Of all the lines in the entries below, give again exactly those starting at the line containing "Chaussures mocassins pour" and ending at the line containing "Cabinet Parts Diagram", both ends included, and no others.

= Beginning of Section =

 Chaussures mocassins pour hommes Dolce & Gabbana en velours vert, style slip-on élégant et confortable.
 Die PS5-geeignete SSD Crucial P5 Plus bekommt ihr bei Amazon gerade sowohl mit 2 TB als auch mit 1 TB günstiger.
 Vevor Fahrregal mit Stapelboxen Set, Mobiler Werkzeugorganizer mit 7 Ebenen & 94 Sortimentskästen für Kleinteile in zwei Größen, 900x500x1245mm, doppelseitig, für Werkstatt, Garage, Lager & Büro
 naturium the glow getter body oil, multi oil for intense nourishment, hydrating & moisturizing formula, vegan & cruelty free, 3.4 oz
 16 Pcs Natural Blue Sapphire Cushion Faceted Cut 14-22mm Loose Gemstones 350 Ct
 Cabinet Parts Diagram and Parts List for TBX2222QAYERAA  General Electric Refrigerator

= End of Section =
= Beginning of Section =

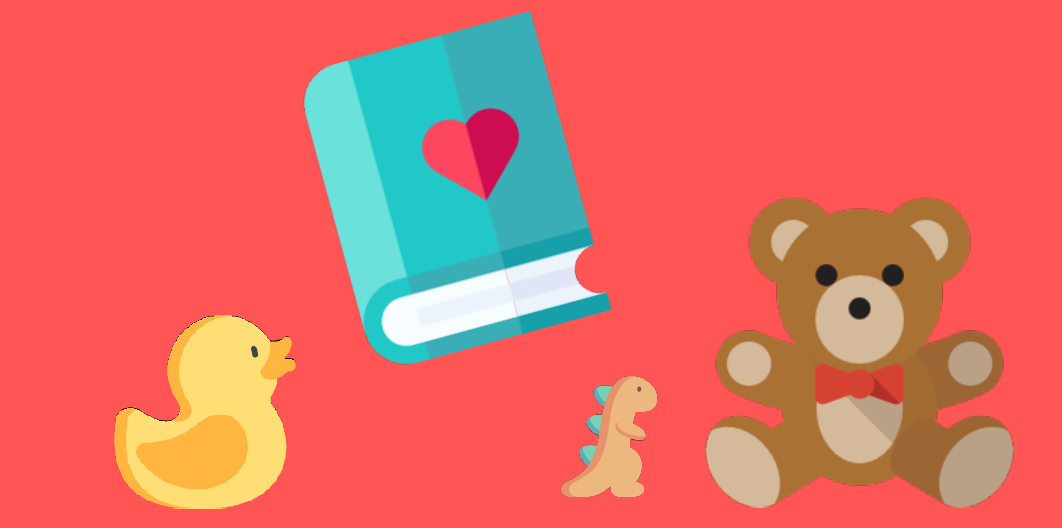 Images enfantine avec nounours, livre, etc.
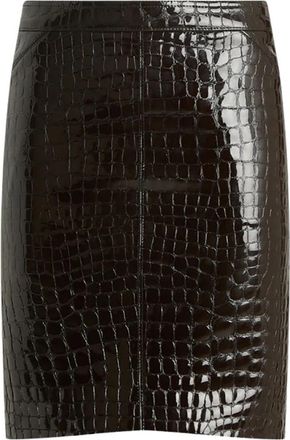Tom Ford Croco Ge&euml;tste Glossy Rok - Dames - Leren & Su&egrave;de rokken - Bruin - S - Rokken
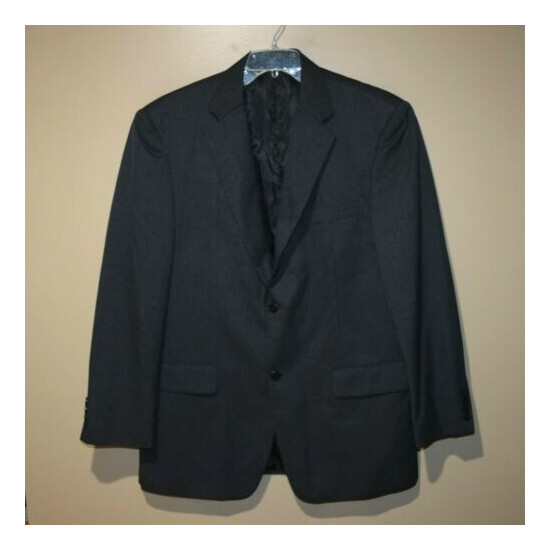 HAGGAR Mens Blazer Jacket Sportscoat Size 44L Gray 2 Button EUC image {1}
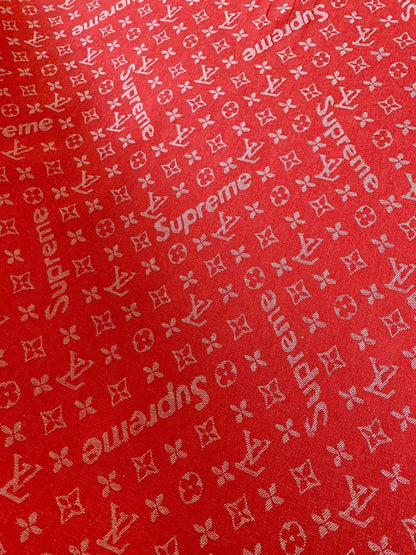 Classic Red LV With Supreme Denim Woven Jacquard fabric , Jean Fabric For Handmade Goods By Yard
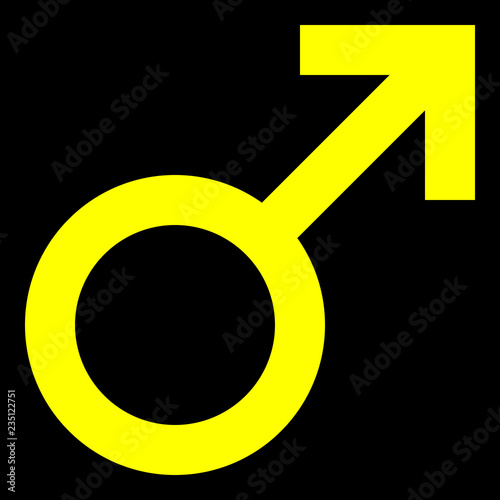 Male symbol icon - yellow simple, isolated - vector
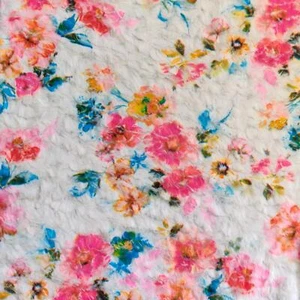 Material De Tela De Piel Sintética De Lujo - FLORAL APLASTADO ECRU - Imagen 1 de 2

= End of Section =

### Response to the task
 Chaussures mocassins pour hommes Dolce & Gabbana en velours vert, style slip-on élégant et confortable.
 Die PS5-geeignete SSD Crucial P5 Plus bekommt ihr bei Amazon gerade sowohl mit 2 TB als auch mit 1 TB günstiger.
 Vevor Fahrregal mit Stapelboxen Set, Mobiler Werkzeugorganizer mit 7 Ebenen & 94 Sortimentskästen für Kleinteile in zwei Größen, 900x500x1245mm, doppelseitig, für Werkstatt, Garage, Lager & Büro
 naturium the glow getter body oil, multi oil for intense nourishment, hydrating & moisturizing formula, vegan & cruelty free, 3.4 oz
 16 Pcs Natural Blue Sapphire Cushion Faceted Cut 14-22mm Loose Gemstones 350 Ct
 Cabinet Parts Diagram and Parts List for TBX2222QAYERAA  General Electric Refrigerator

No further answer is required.